Here's the procedure:
- Make sure that you have this browser extension installed in Chrome, which will allow you to easily read the results from the API.
- @Urbanecm_WMF will list 60 random articles from fr, en, vi, ar, cs, and bn in this spreadsheet. They will be articles that have at least one link recommendation.
- For each article, open the article up and open up its API link to receive its recommendations. List how many recommendations there are in the "links suggested" column. @Urbanecm_WMF will prepopulate the API links in the spreadsheet, but this is the link to the API for your reference.
- Look at each recommendation and decide whether you would choose "Yes" or "No". This judgment should be based both on whether that word or phrase should be a link and whether the link target is the right article to which it should be linked.
- In the spreadsheet, enter how many recommendations were given for the article and how many you would choose "Yes".
- Also enter whether the article is "short", "medium", or "long", according to your judgment.
- Add any notes or issues that you saw.
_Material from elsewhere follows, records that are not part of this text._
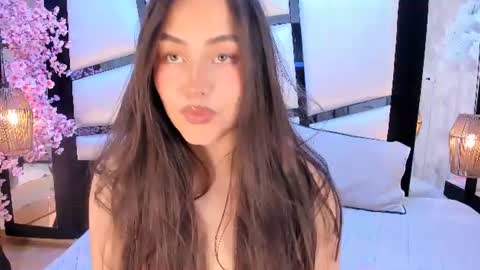 hannacollins_2 online show from August 2026 01:38:02 PM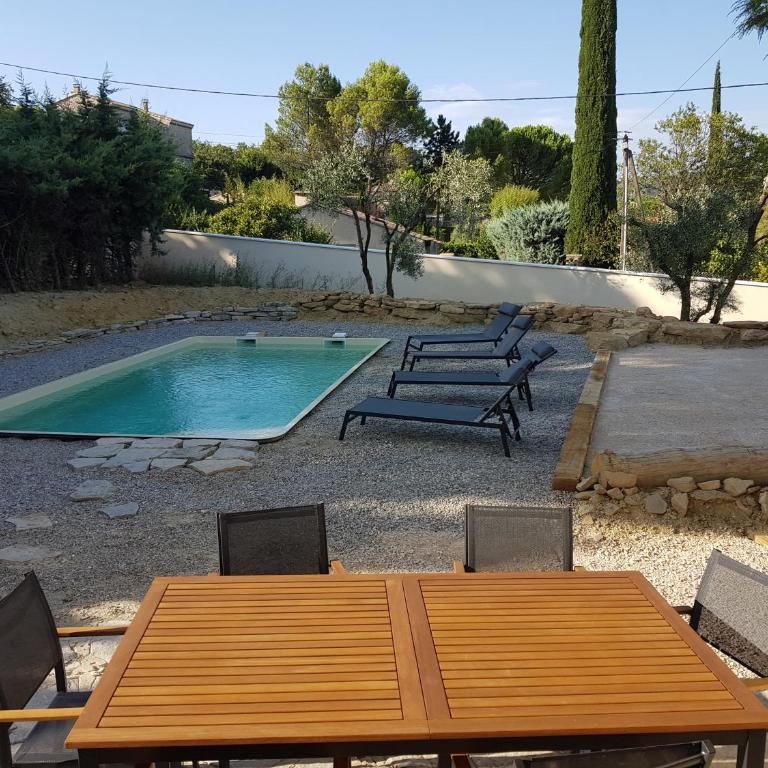 Maison avec piscine - Maison 3 Chambres - 3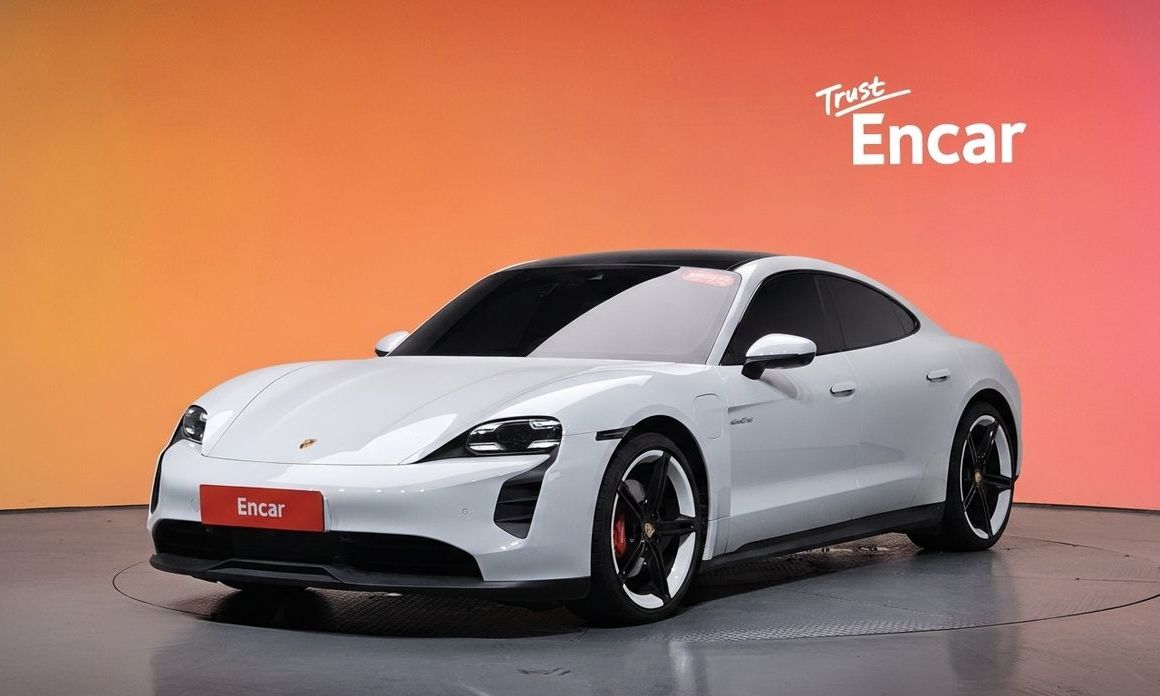 Porsche Taycan 2021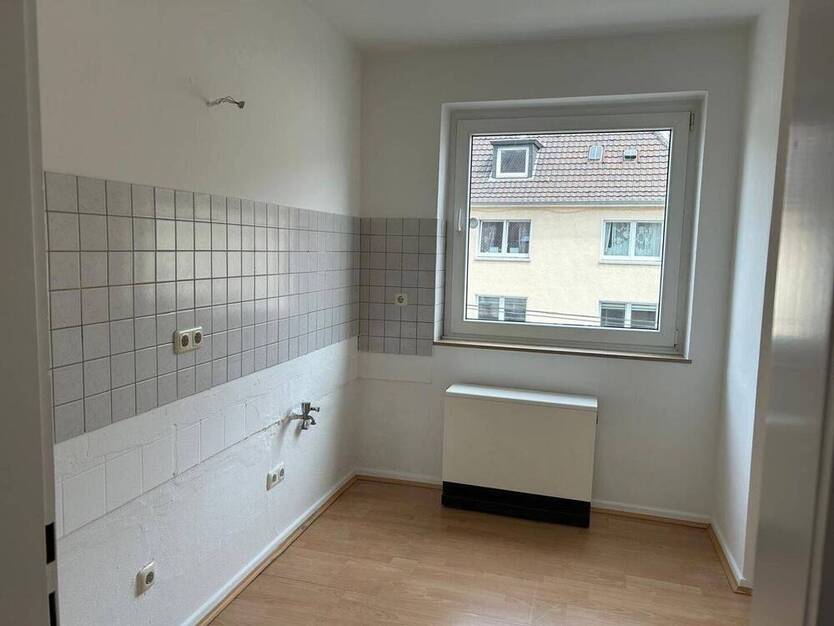 schöne, gutgeschnittene 3 Raum Wohnung in Essen Süd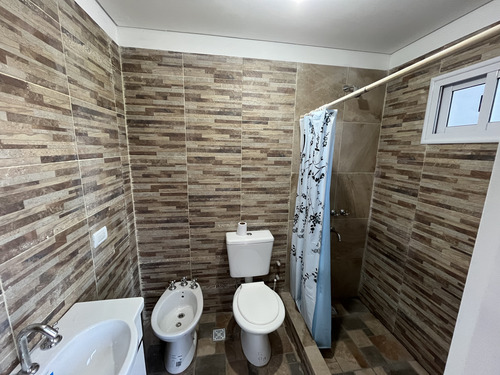 Vendo Casa Con 4 Habitaciones En Herrera, Entre Ríos.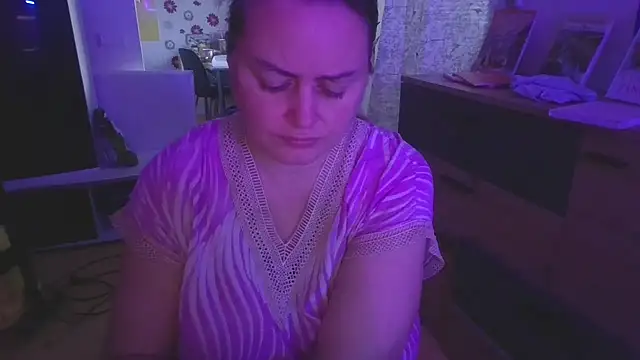 Snapshot of Meliss_Official9 chatting on November 2025 06:13:01 AM Meliss Official9 online show from November 2025 06:13:01 AM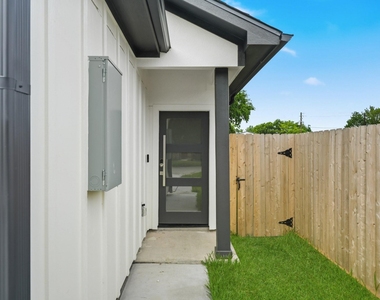 4314 Stassen Street - Photo Thumbnail 1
Example of things to note are: clear reasons why the algorithm was wrong (e.g. "Suggests a link in the middle of a longer song title"), or if the algorithm recommends a link after that word's first occurrence in the article, or if it suggests linking to a disambiguation page.
Other notes:
- If the article in the list is a disambiguation page, just cross it out and leave a note. Do not evaluate these, because we won't be recommending disambiguation pages to users.
- Take a brief look at the "context before" and "context after" fields from the API. These are meant to be the characters occurring immediately before and after the link text, which are to help the feature highlight the text in production. Check that these strings are not broken. This seems especially possible in non-Latin languages, like Arabic and Bengali.
- If you see any general patterns, e.g. the "context before" and "context after" fields are always broken, please explain that with examples in a comment on this task.